I’ve been wanting to write this post for a couple of weeks now, but have been a bit scared to do so in case the act of writing it destroyed the mood. But it is something I want to get out in the open so here we go.
I think I am now safe to declare that I am coming out of the worst six or seven months of mental turmoil I have experienced in the last 15+ years. It really has not been a fun ride in my head of late but things are pretty much back on an even keel now, and even if nobody else ever reads this I want to record a few thoughts so I can look back on this in future if I feel myself sliding again.

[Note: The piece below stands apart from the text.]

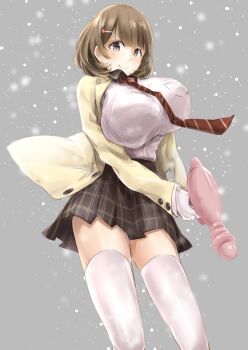 1girl absurdres breast_pocket breasts breasts_day brown_coat brown_hair coat commentary_request dress_shirt floating_neckwear gloves good_breasts_day hair_ornament hairclip heart heart_hair_ornament highres holding_ray_gun huge_breasts impossible_clothes impossible_shirt looking_at_viewer miniskirt narusawa_ryouka necktie occultic;nine pleated_skirt pocket school_uniform science_adventure seimei_high_school_uniform shirt skirt smile snow solo striped_clothes striped_necktie thighhighs white_gloves white_thighhighs yakku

My main problem is anxiety and dwelling on the past rather than straight depression, but one leads to the other in my case and in this instance I know the exact trigger that set it off. As readers may know, I deal with bus stops, shelters etc. in my day job and over the last couple of years we have done a load of work in Ipswich. Both bus stations refurbished, new real time information system and other stuff. And I have also been getting new bus shelters and enhanced bus stops done across the rest of the County as well. All during a time when I have basically had no help – my team member was seconded to another role and it was over a year before we were allowed to replace him. And that has taken three attempts with the first person refusing the job in the end and the second failing his probationary period (basically wasting six months trying to bring him up to speed). So to say I was under a bit of pressure would be an understatement.
Then when we got to the Christmas works break imposed on us by the town centre people there was a big fuss in the media about how the project was running late, important bits weren't working and so forth. A lot of that concentrated on the real time system to the point of the local radio station interviewing people at one of the bus stations and pointing out the one screen that wasn't working and ignoring the rest that all were doing fine. Being the kind of chap who takes things to heart, this sent me spiralling off the deep end and by the time Christmas itself came around I was in a real black place.
I'm not really sure how I got through Christmas as I just wanted to run and hide most of time. This will sound terrible, but I guess it helped that Joan had a bad tooth over the festive period. Being able to focus on taking her to the dentist a couple of times and having her to worry about managed to draw my focus away from me. When I went back to work in the New Year I knew I had to do something about it.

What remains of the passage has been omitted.